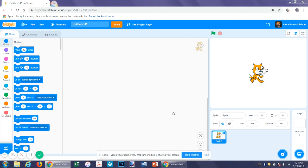Hello and welcome to another Scratch tutorial. Today we're going to be making the base for a simple platform game. This is going to be a little bit more complicated, so I would not suggest this for people who are new to Scratch.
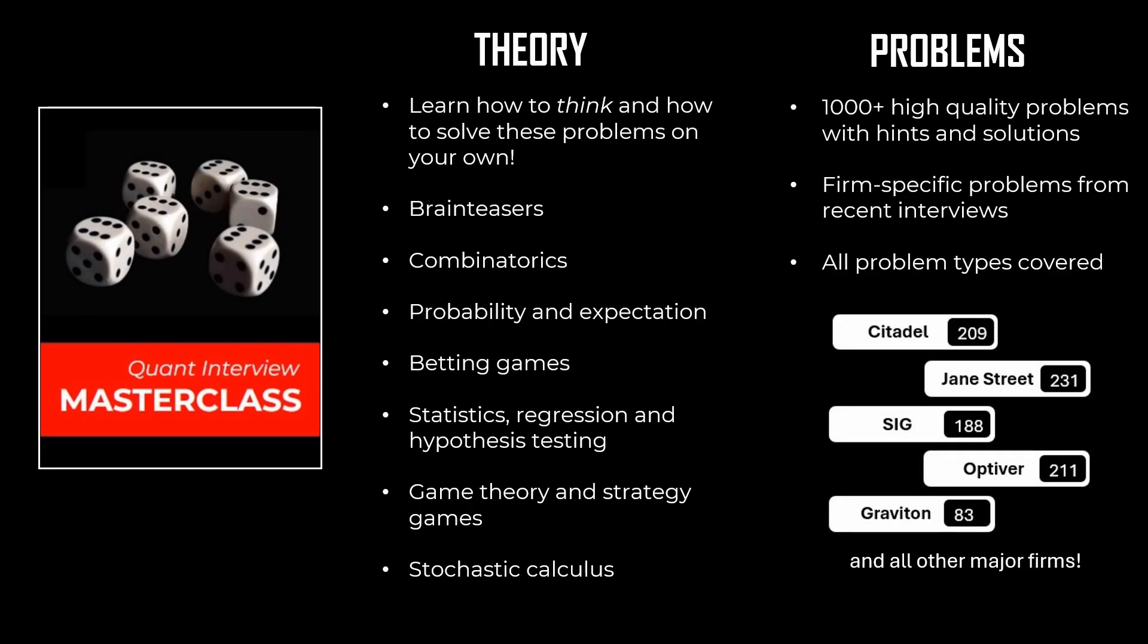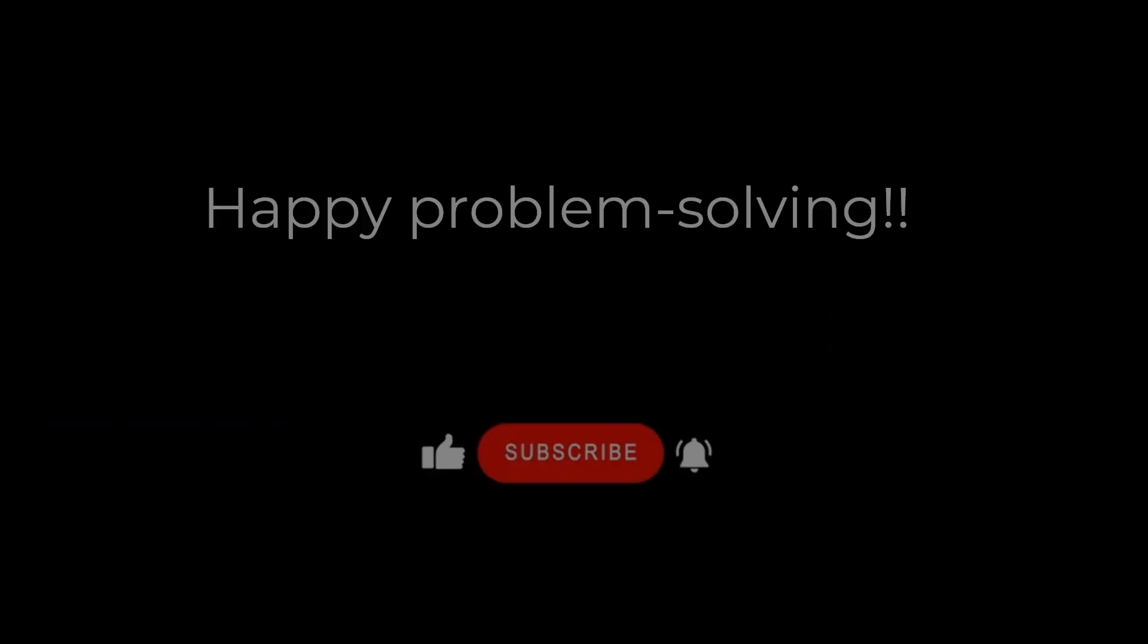Hope you liked the video. If you want to learn how to solve these kinds of interview problems, we invite you to check out our course, Quant Interview Masterclass, where we teach you how to think when solving difficult problems. We also cover the entire theory, specifically tailored for quant interviews, along with over a thousand problems.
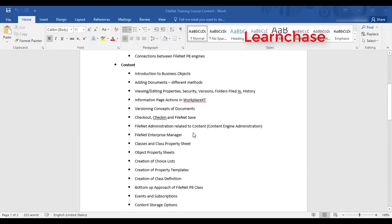Now talking about content — ECM stands for Enterprise Content Management, and FileNet is an enterprise content management system. The main branches of FileNet are content, process, and connectivity. Content is the biggest and most widespread part of FileNet. We will cover how we add and deal with documents, editing, properties, security, versioning, folders, history, and how to manage and administer all this in different UIs.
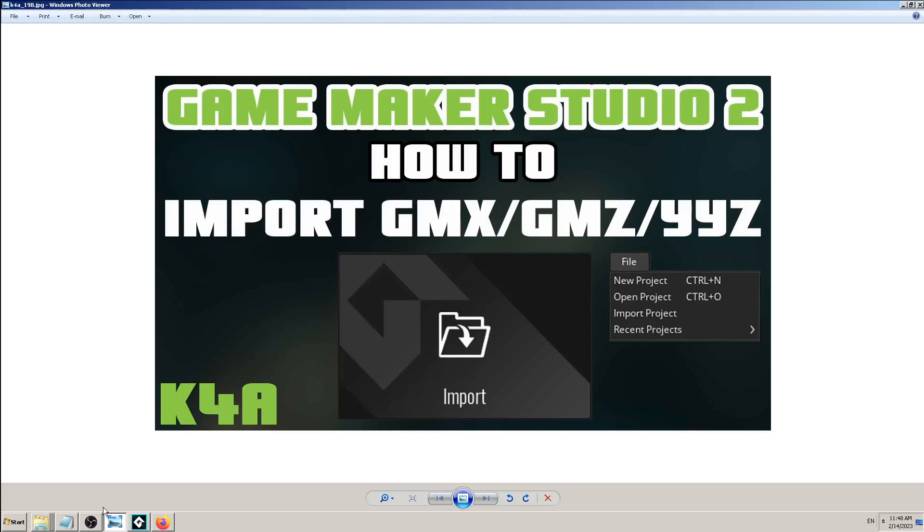Hey there, this is K4A Knowledge for All educational videos and tutorials. Today we will see how to import GMX, GMZ, and YYZ file formats from GameMaker Studio 2. That's what I was talking about in previous few videos and why I was making those.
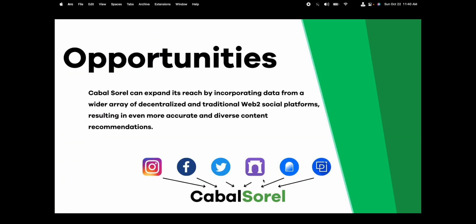So future opportunities that we look to engage in are to expand the use of Web2 social platforms to make the recommendation algorithm better. Also introducing more Web3 social sites which our extension will work with. This will improve the quality of the feeds and the number of feeds that we can improve.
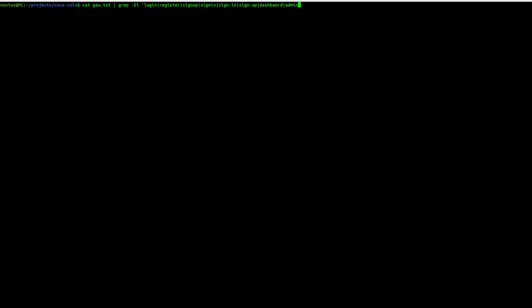But I suggest using admin just for another wordlist. Of course, you want to check if those are alive as well and save it to the auth endpoints or something like that. So eventually, you will have a lot of data to work on when testing manually.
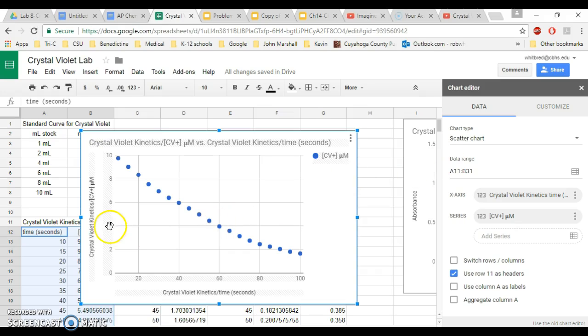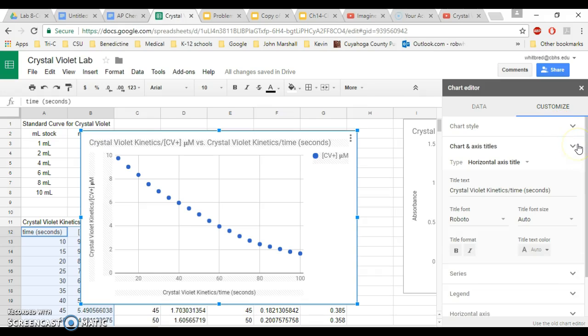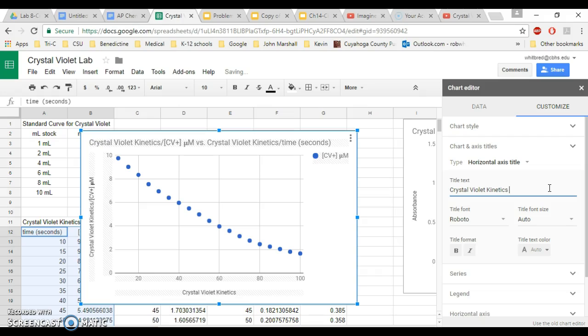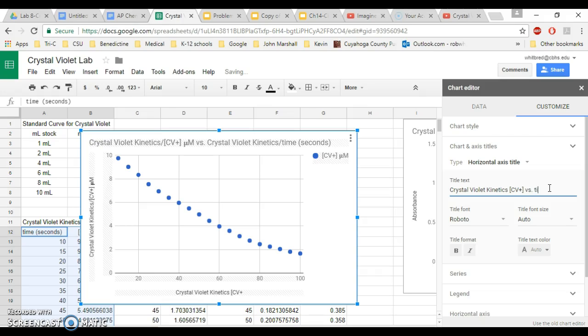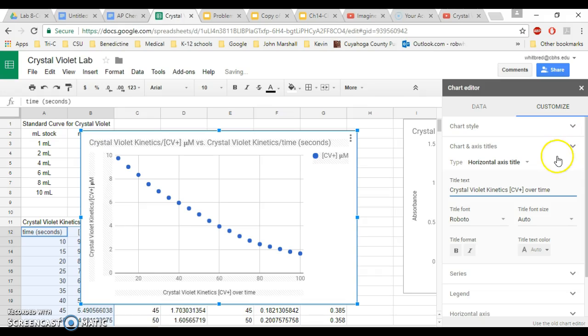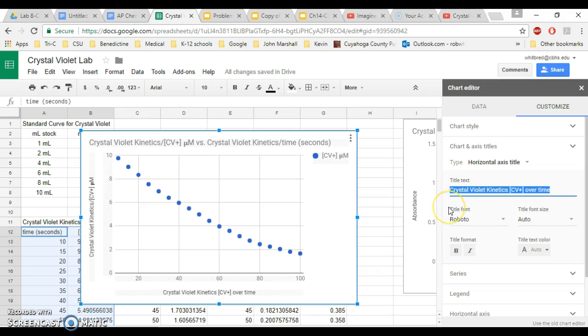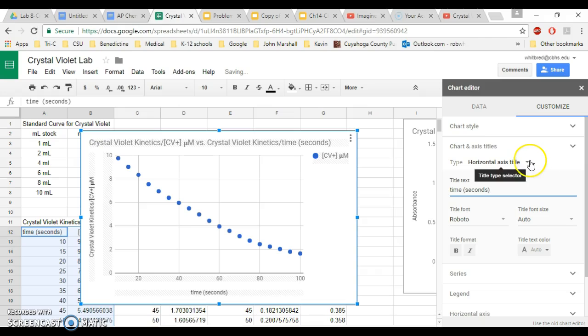So in this case, the first thing that I'm going to do is I'm going to go under customize and I'm going to set up all of my chart and axis titles. So this is crystal violet kinetics. I don't really want all that. I'm going to crystal violet kinetics. CV plus versus time over time. And then you're going to close that. That's under horizontal axis title, so instead I'm going to leave this as time in seconds.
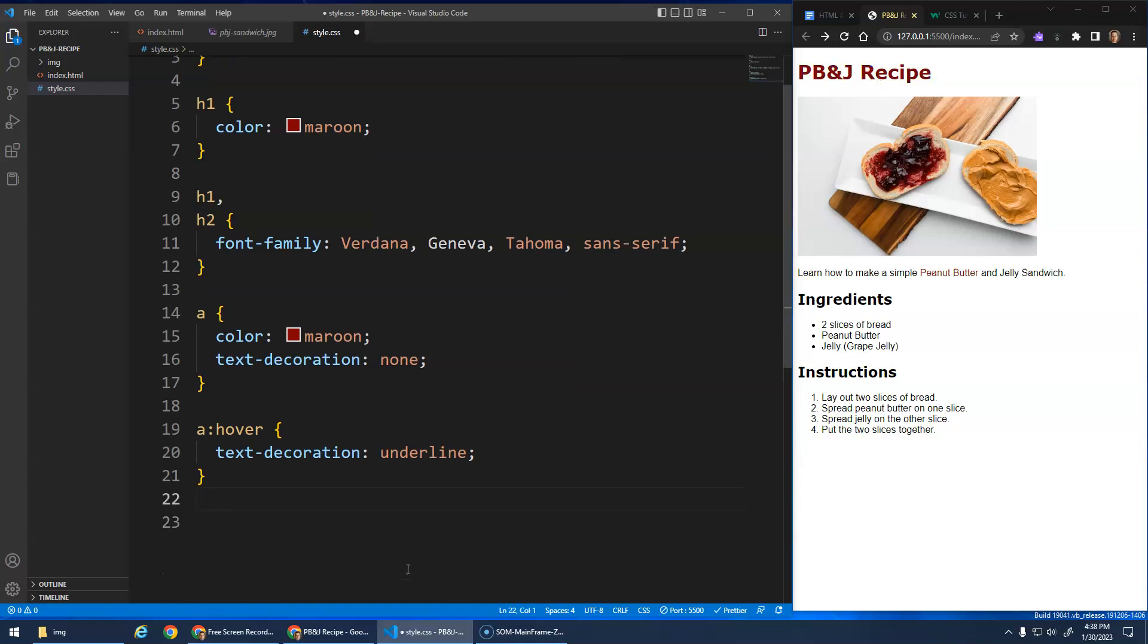But it makes the most sense here for our A tag to show that something changed. There's some action that you can do here.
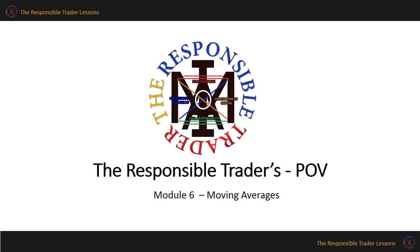Hi, how are you today? I hope you are not affected by the typhoon threatening to hit our country. We are now on Module 6, Moving Averages. Were you able to do your own research? Let's compare notes.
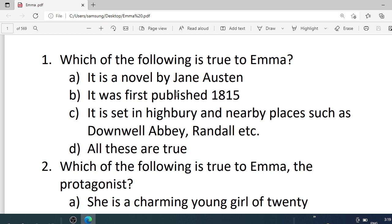Number 1. Which of the following is true to Emma? Options are: A. It is a novel by Jane Austen. B. It was first published in 1815. C. It is set in Highbury and nearby places such as Downwell Abbey and Randolph, etc. D. All these are true. Correct option is D — all these are true.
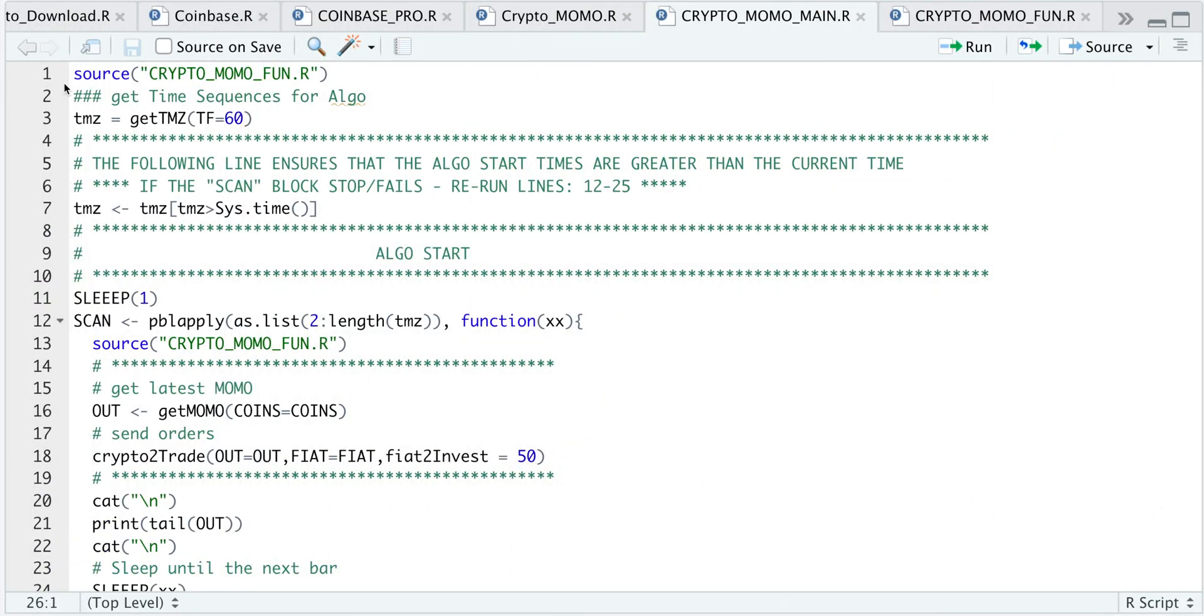So we have two scripts in order for this algorithm to work. One will be the main script, which has all the instructions, and the second script will just contain the functions in order to make this possible.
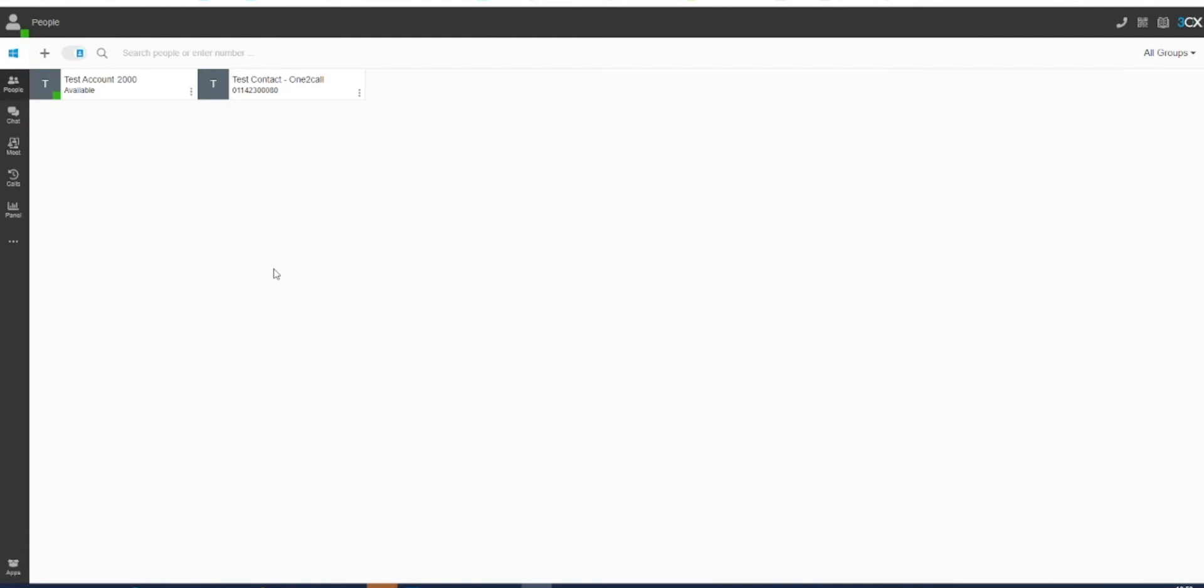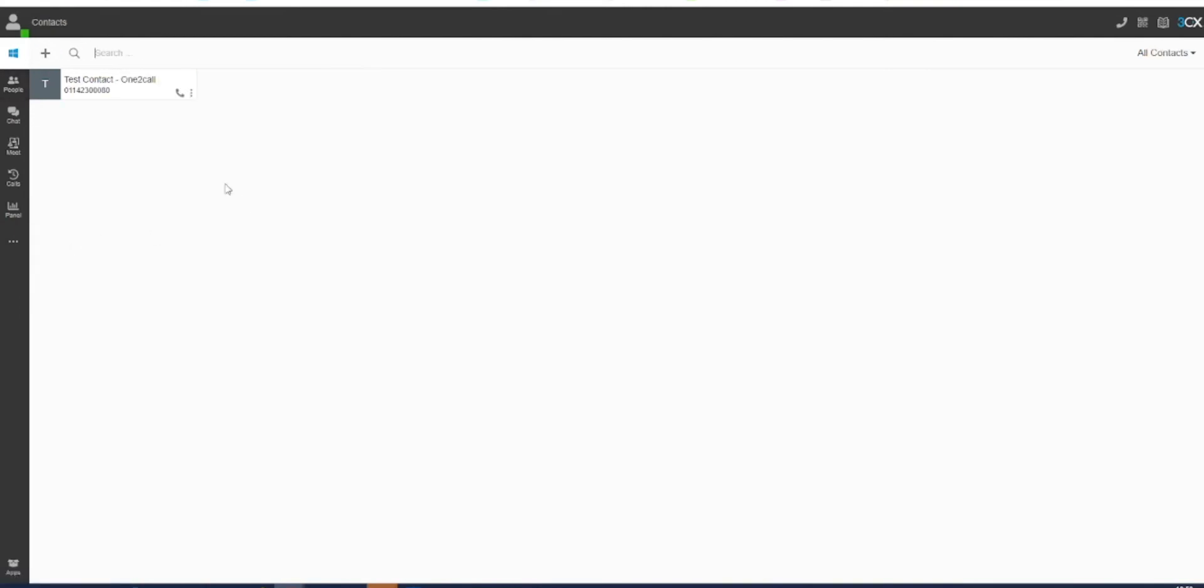Adding a contact can be done in one of two different ways: either directly from the People tab by pressing on the plus icon, or by going to Settings, then Contacts, and then clicking on the plus icon.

* * * *

* Action item: Please give the material above again in full, with no pictures in your version.

* Exercise response:
Hello and welcome to another Scratch tutorial. Today we're going to be making the base for a simple platform game. This is going to be a little bit more complicated, so I would not suggest this for people who are new to Scratch.
Hope you liked the video. If you want to learn how to solve these kinds of interview problems, we invite you to check out our course, Quant Interview Masterclass, where we teach you how to think when solving difficult problems. We also cover the entire theory, specifically tailored for quant interviews, along with over a thousand problems.
Now talking about content — ECM stands for Enterprise Content Management, and FileNet is an enterprise content management system. The main branches of FileNet are content, process, and connectivity. Content is the biggest and most widespread part of FileNet. We will cover how we add and deal with documents, editing, properties, security, versioning, folders, history, and how to manage and administer all this in different UIs.
Hey there, this is K4A Knowledge for All educational videos and tutorials. Today we will see how to import GMX, GMZ, and YYZ file formats from GameMaker Studio 2. That's what I was talking about in previous few videos and why I was making those.
So future opportunities that we look to engage in are to expand the use of Web2 social platforms to make the recommendation algorithm better. Also introducing more Web3 social sites which our extension will work with. This will improve the quality of the feeds and the number of feeds that we can improve.
But I suggest using admin just for another wordlist. Of course, you want to check if those are alive as well and save it to the auth endpoints or something like that. So eventually, you will have a lot of data to work on when testing manually.
So in this case, the first thing that I'm going to do is I'm going to go under customize and I'm going to set up all of my chart and axis titles. So this is crystal violet kinetics. I don't really want all that. I'm going to crystal violet kinetics. CV plus versus time over time. And then you're going to close that. That's under horizontal axis title, so instead I'm going to leave this as time in seconds.
But it makes the most sense here for our A tag to show that something changed. There's some action that you can do here.
Hi, how are you today? I hope you are not affected by the typhoon threatening to hit our country. We are now on Module 6, Moving Averages. Were you able to do your own research? Let's compare notes.
Number 1. Which of the following is true to Emma? Options are: A. It is a novel by Jane Austen. B. It was first published in 1815. C. It is set in Highbury and nearby places such as Downwell Abbey and Randolph, etc. D. All these are true. Correct option is D — all these are true.
So we have two scripts in order for this algorithm to work. One will be the main script, which has all the instructions, and the second script will just contain the functions in order to make this possible.
Adding a contact can be done in one of two different ways: either directly from the People tab by pressing on the plus icon, or by going to Settings, then Contacts, and then clicking on the plus icon.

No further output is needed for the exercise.